Rickie La Touche, 30, strangled his wife over Star Wars memorabilia.
He says that she damaged some items from his Darth Vader and Luke Skywalker collection. The man, also known as Rickie Nehls, had been collecting since he was a child.
La Touche told police that the killing occurred after he snapped. He says his wife, Pornpilai Srisroy, has made his life "hell." He claims she hit him with a pool cue, and threatened to "cut him up and eat him" in the past. He says he even called a domestic violence hotline to report her last year.
The case went before a jury, and La Touche was found guilty of murder. He now faces a minimum sentence of 12 years to life in a British prison.
If a similar crime occurred here in America, what exactly would happen?

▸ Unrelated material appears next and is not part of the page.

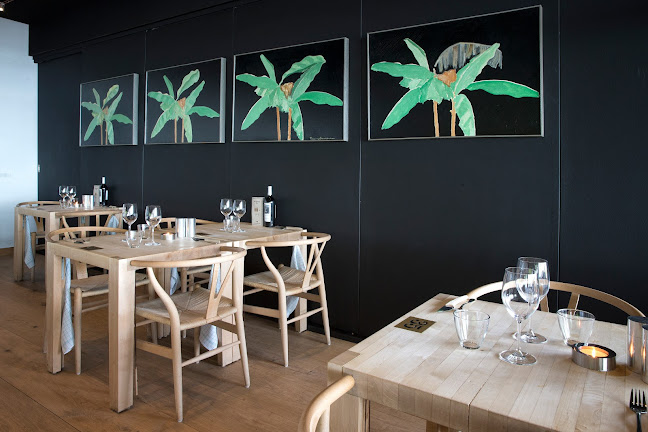 A Hereford Beefstouw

In the U.S., there are various crimes a defendant accused of a killing can be charged with:
- First-degree murder: This is a willful, premeditated killing. Example: someone lying in wait in the bushes for someone to come home to kill them.

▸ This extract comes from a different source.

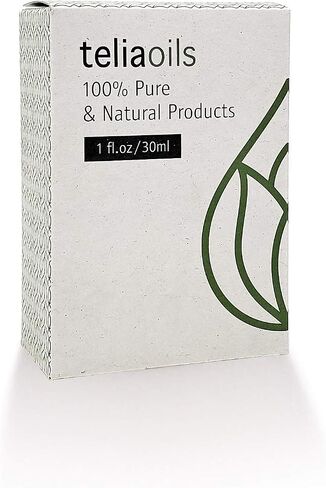 100% Organic Oil of Oregano - Super Strength Over 86% Carvacrol - Premium Grade Wild Oregano Oil from the Mountains of Greece - Undiluted, Certified, Pure Oregano Essential Oil - 1 oz in Saudi Arabia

- Second-degree murder: Second-degree murder is usually an intentional killing that isn't premeditated. Example: a man sees his neighbor in bed with his wife. The next day, he sees his neighbor by chance. He shoots at the neighbor, but the shot accidentally kills a nearby pedestrian.

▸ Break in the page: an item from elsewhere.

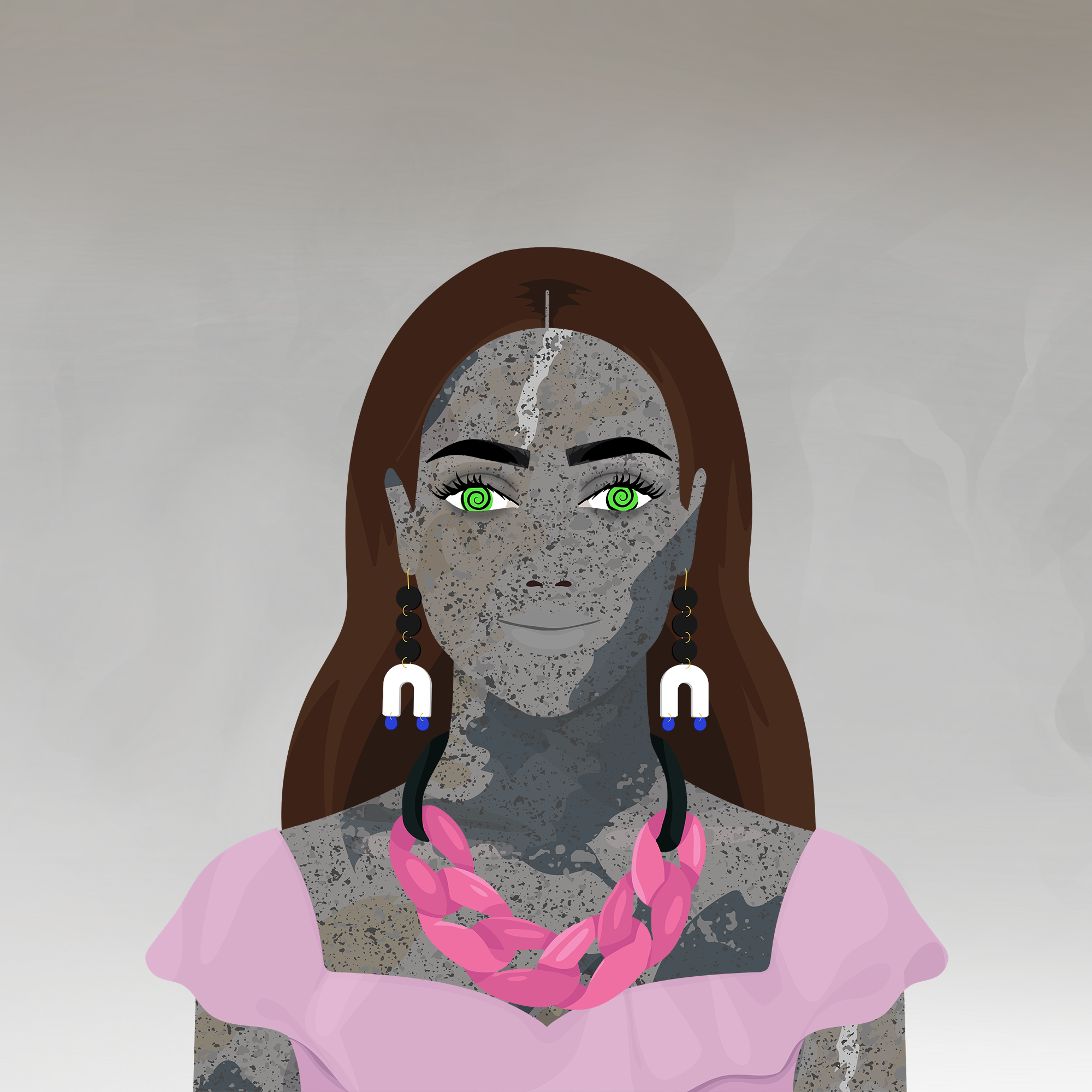 Untitled (03041).png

- Voluntary manslaughter: This is an intentional killing where the defendant had no intent to kill. The killing occurred in the "heat of passion." Example: a man sees his neighbor in bed with his wife, and at that moment he pulls out a gun and shoots the neighbor.
- Involuntary manslaughter: This is typically an unintentional killing. Example: a person drinks and drives but then accidentally kills someone in a car accident.
In this spectrum, where would La Touche's crime fall?
It's not a clear cut call. Rickie La Touche says he strangled his wife over the Star Wars memorabilia. A "heat of the passion" defense typically needs to involve something that would emotionally disturb a reasonable person. Whether or not destruction of Darth Vader toys qualifies would be up for a jury to decide.